Detailed guide to using ArcGIS for Kriging with ArcGIS

mgcv in R: Finally, the mgcv library in R (written by Simon Wood) has a gam() (generalized additive model) function that allows for thin plate spline-based surface fits within a gam model in which other covariates (both as linear and smooth terms) can be readily included. Be careful: the gam() function in S-plus does not implement the same method and cannot be used for flexible surface fitting. Here is example code for fitting such a model. Note that the R gam() function allows for both linear covariates (e.g., covar1 in the example code) and smoothing terms (e.g., covar2, fit with a cubic regression spline), in addition to the spatial effect (e.g., x and y, fit with a thin-plate regression spline). The degree of smoothing is estimated within the model using the generalized cross-validation (GCV) criteria.

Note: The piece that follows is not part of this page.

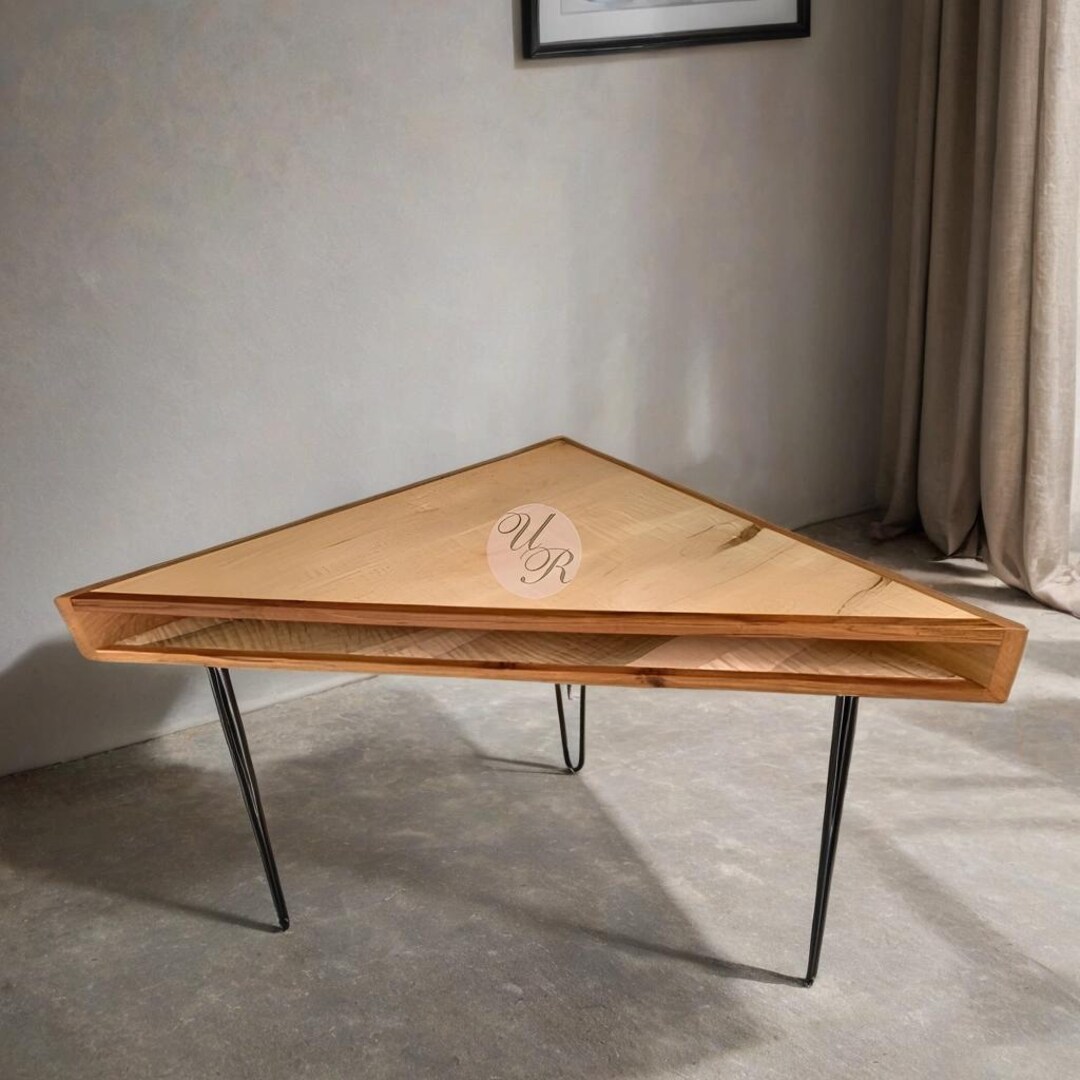 Triangle Corner Table | Handmade Wood Accent Table With Hairpin Legs ...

Recommendations: In general, I would recommend using the SemiPar code or the R mgcv code rather than kriging within ArcGIS. The R mgcv library has the nice feature of providing accessible estimates of uncertainty for both the spatial surface and the other covariates. Neither the SemiPar nor mgcv statistical models rely heavily on ad hoc fitting methods used in the ArcGIS kriging routines, and they can account for important additional factors that may affect the response. The degree of smoothness in the surface estimated by SemiPar and mgcv is controlled by a single parameter, rather than a number of parameters in the kriging approach. While having multiple parameters might seem to allow for a more flexible fit to the data, with the kind of smoothing done here, there is effectively only one parameter that controls the degree of smoothing, so the kriging approach introduces additional complexity with little change in the ability to fit a surface. The exception to this comment is the ability of the kriging methodology to account for directionality. Also note that if one wants to use the GIS software to create maps, the results from SemiPar/S-plus and mgcv/R can be imported into the GIS software.

References:
For more information on the statistical methods underlying the SemiPar software, a starting point is:
Kammann, E.E., and M.P. Wand. 2003. Geoadditive models. Applied Statistics 52:1-18.

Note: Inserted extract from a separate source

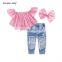 Children's clothing ins European and American hot style girls one-shoulder top + ripped jeans + headwear suit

Information on the methods of Simon Wood implemented in the R library mgcv can be found in:
Wood, S.N. 2000. Modelling and smoothing parameter estimation with multiple quadratic penalties. Journal of the Royal Statistical Society, Series B 62:413-428.
Wood, S.N. 2003. Thin plate regression splines. Journal of the Royal Statistical Society, Series B 65:95-114.

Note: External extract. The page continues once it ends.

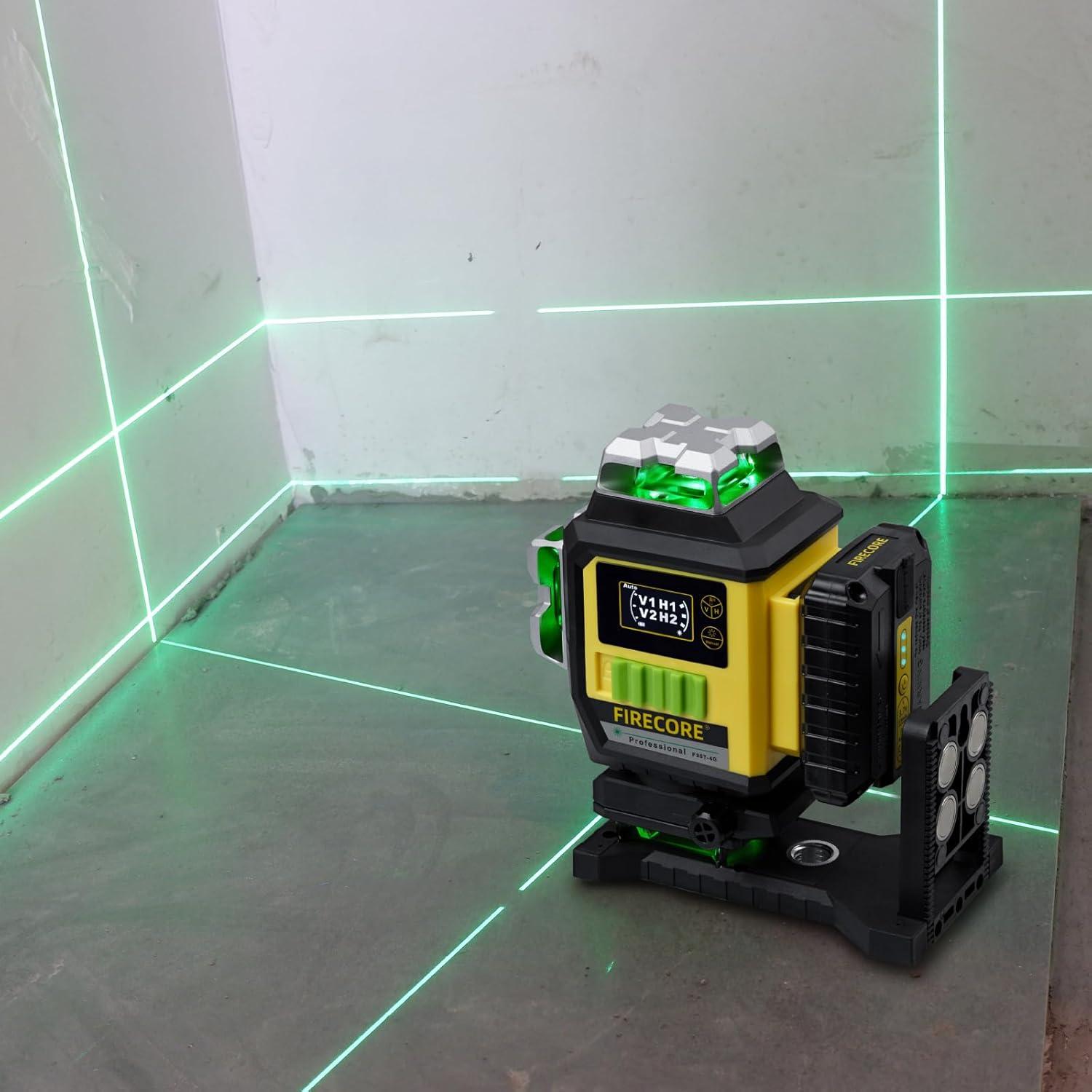 Firecore Laser Level 360 Self Leveling, 4 x 360° Green Cross Line Laser Leveler Tool for Construction 16 Lines Tiling Floor Laser Tool with Pluse Mode, 2 Rechargeable Batteries & Remote Control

Information on exactly how kriging is done in ArcGIS is a bit difficult to come by. The online documentation has limited technical detail. More extensive information is available in:
Johnston, K. et al. 2001. Using ArcGIS geostatistical analyst. Redlands, CA: Environmental Systems Research Institute.
McCoy, J. et al. 2001. Using ArcGIS spatial analyst. Redlands, CA: Environmental Systems Research Institute.
Both are available in Harvard’s Pusey Library Map Collection, for purchase from ESRI and can be downloaded as pdf files from the Harvard site license downloads page (click on the "books and samples" file, but note it's a huge file).
The ESRI website has some technical reports, most of which are somewhat tangential to the methods implemented in ArcGIS, but a couple of which provide further details on the fitting methods.